*THE PROBLEM*. From the listing below, copy each line where "Apartment" occurs.

Segment Start: INFORMATION GIVEN

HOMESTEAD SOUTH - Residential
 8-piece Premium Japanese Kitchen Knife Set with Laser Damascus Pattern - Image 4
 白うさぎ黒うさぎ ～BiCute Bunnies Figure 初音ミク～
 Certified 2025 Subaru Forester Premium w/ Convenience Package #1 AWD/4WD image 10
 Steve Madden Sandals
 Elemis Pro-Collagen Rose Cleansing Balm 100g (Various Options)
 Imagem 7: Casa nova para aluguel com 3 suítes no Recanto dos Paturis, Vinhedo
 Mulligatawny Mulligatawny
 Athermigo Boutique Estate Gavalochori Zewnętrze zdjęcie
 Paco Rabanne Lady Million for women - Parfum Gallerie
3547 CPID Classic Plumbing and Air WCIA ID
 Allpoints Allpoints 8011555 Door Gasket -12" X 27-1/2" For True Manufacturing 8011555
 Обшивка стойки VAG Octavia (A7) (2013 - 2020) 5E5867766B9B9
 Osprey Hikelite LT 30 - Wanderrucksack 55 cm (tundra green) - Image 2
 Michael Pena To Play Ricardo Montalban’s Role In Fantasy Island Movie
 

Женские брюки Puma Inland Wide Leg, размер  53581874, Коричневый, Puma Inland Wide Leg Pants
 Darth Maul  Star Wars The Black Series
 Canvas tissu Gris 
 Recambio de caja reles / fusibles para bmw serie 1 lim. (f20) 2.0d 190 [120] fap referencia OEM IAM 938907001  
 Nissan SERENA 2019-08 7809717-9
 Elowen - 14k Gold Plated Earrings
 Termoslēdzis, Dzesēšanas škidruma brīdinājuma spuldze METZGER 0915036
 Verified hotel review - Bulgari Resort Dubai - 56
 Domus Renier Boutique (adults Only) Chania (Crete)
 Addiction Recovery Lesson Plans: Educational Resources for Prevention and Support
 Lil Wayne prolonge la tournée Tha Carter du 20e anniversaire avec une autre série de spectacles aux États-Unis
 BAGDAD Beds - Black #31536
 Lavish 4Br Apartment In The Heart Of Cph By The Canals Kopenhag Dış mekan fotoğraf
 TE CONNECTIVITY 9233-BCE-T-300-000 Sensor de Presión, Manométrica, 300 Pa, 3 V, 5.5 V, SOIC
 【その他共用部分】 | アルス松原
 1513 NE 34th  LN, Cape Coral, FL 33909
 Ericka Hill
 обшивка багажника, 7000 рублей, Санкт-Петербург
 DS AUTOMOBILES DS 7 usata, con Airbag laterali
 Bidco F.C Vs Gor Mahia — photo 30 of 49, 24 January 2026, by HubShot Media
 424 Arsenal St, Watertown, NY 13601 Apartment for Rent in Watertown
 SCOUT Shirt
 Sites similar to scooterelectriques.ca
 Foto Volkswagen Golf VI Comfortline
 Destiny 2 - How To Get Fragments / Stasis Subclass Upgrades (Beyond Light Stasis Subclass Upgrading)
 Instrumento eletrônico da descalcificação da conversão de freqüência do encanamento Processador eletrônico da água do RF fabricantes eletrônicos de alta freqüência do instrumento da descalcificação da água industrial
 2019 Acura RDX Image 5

Segment End: INFORMATION GIVEN

*WRITTEN REPLY*.
 Lavish 4Br Apartment In The Heart Of Cph By The Canals Kopenhag Dış mekan fotoğraf
 424 Arsenal St, Watertown, NY 13601 Apartment for Rent in Watertown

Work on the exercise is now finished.